→ Brief:
Only the lines below between the one holding "Humming Bird Angora" and the one holding "千層石假山石、工程千層石造景、公園千層石瀑布", inclusive, are to be reproduced word for word; the pictures are to be left out.

→ Records to process:
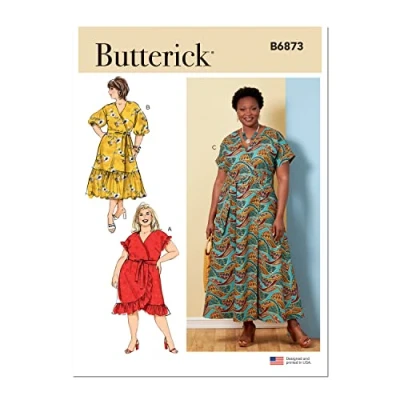 Image of Butterick B6873RR Plus Size Dress RR (18W 20W 22W 24W)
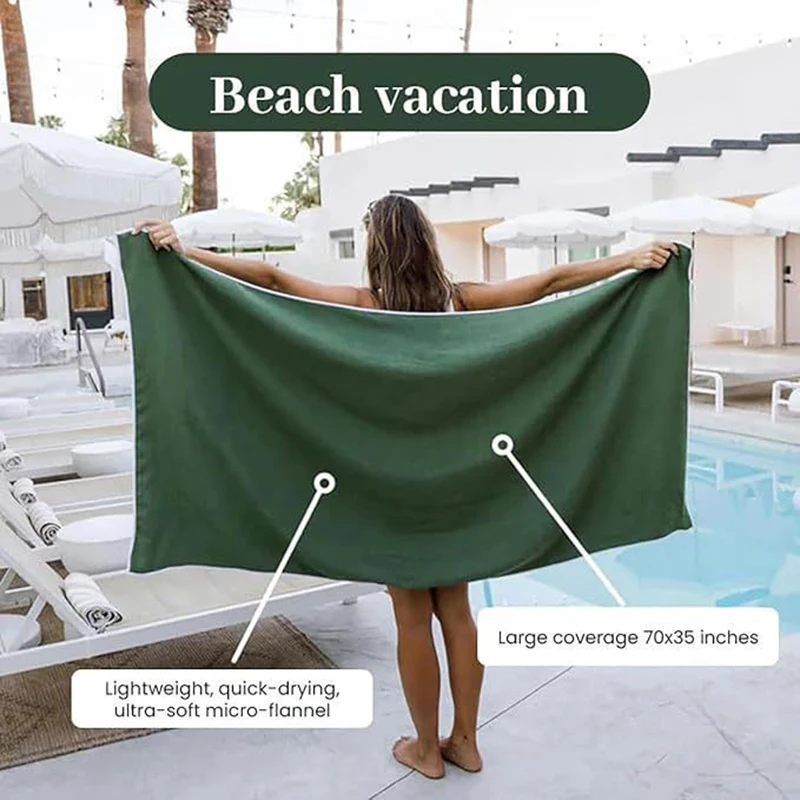 Custom Logo Absorbent Microfiber Quick-Dry Beach Towels with Magnet Corners - Image 3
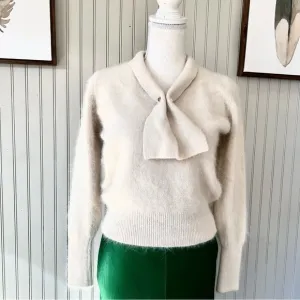 Humming Bird Angora Collard Neck Scarf Cream Color Pullover Sweater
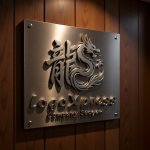 画像5: 「龍」の漢字とドラゴンが融合した力強い和風ロゴ (5)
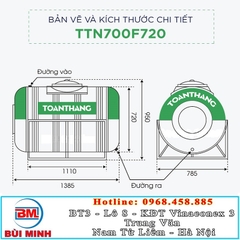 Bồn nước inox ngang Toàn Thắng 700L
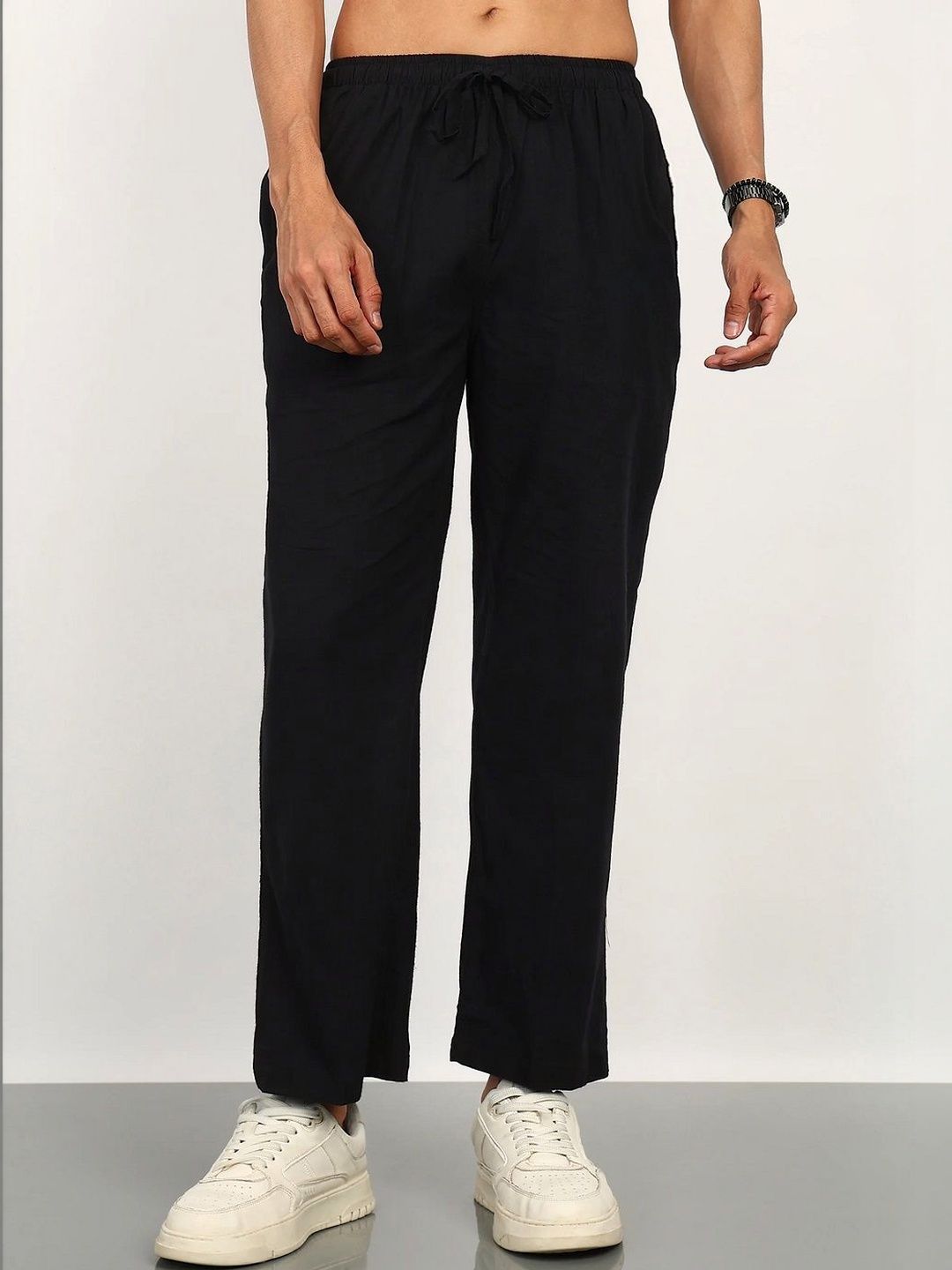HERE&NOW Men Relaxed Easy Wash Trousers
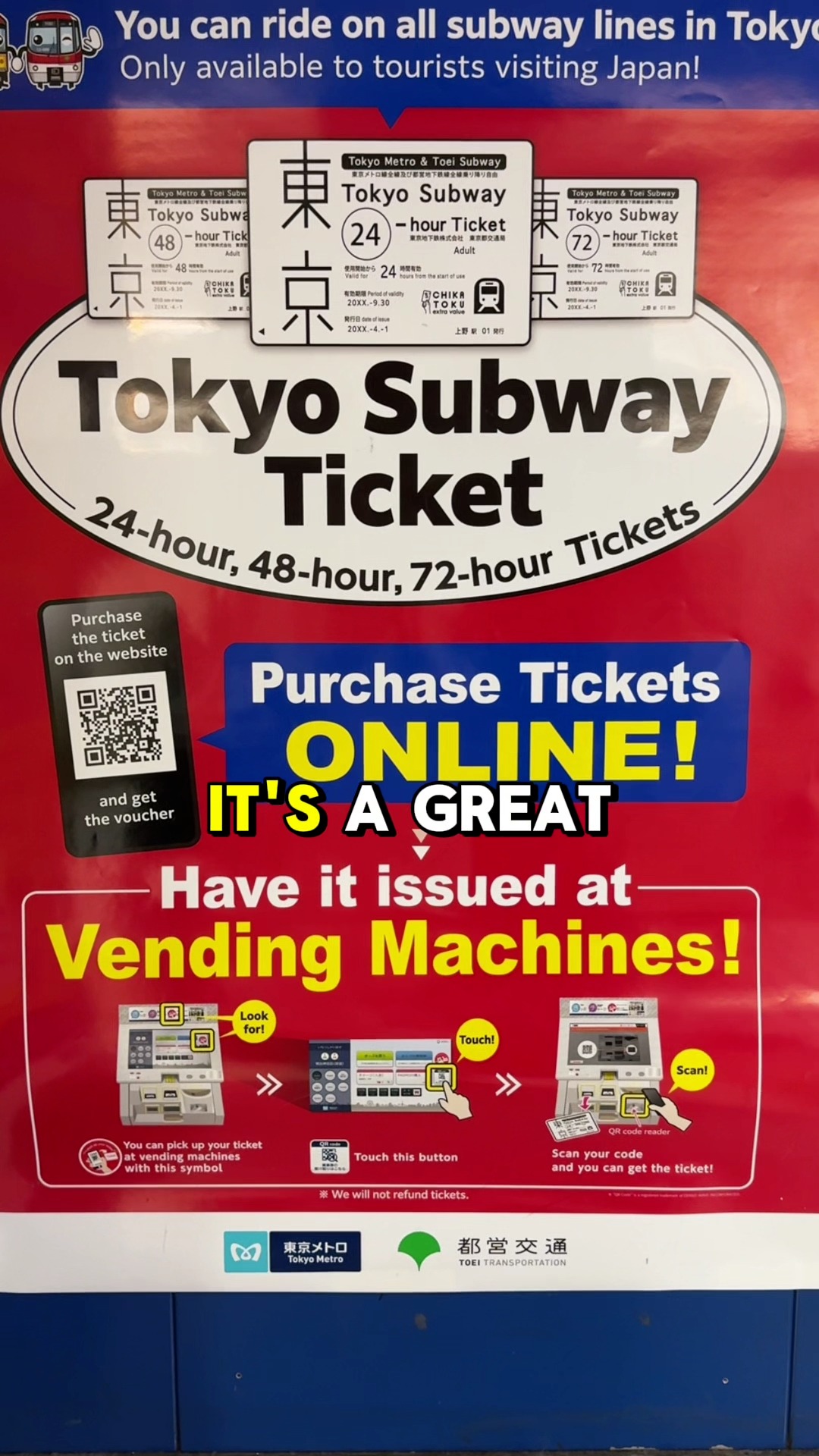 Have you heard of the Tokyo Subway Ticket for visitors? It's a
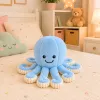 LEAN TOYS λούτρινο χταπόδι με ελαστικά πλοκάμια μπλε 50 cm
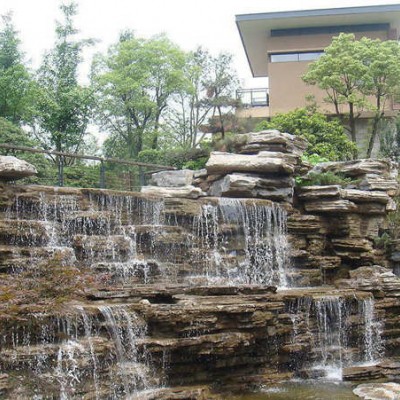 千層石假山石、工程千層石造景、公園千層石瀑布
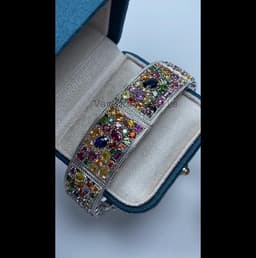 Natural Multi Sapphire Ruby & Spinel Bracelet, 925 Sterling Silver Cluster Jewelry, Wedding Anniversary Gift thumbnail 7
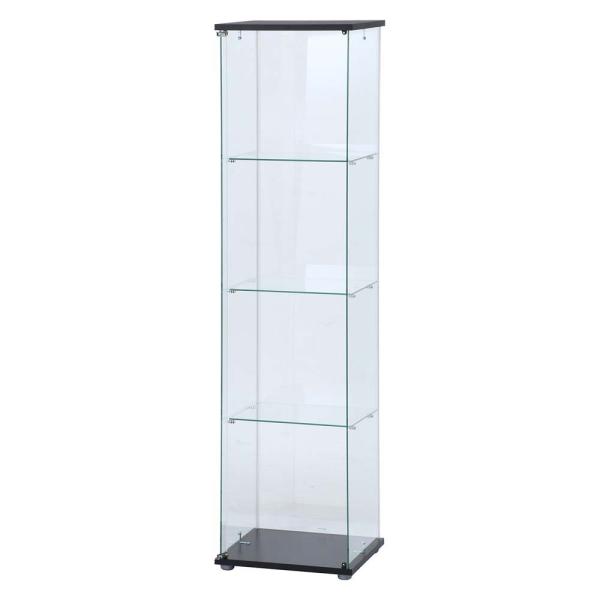 不二貿易 ガラスコレクションケースクリア 4段 TMG-G130 ブラック 98880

→ Answer box:
 Humming Bird Angora Collard Neck Scarf Cream Color Pullover Sweater
 画像5: 「龍」の漢字とドラゴンが融合した力強い和風ロゴ (5)
 Bồn nước inox ngang Toàn Thắng 700L
HERE&NOW Men Relaxed Easy Wash Trousers
 Have you heard of the Tokyo Subway Ticket for visitors? It's a
 LEAN TOYS λούτρινο χταπόδι με ελαστικά πλοκάμια μπλε 50 cm
 千層石假山石、工程千層石造景、公園千層石瀑布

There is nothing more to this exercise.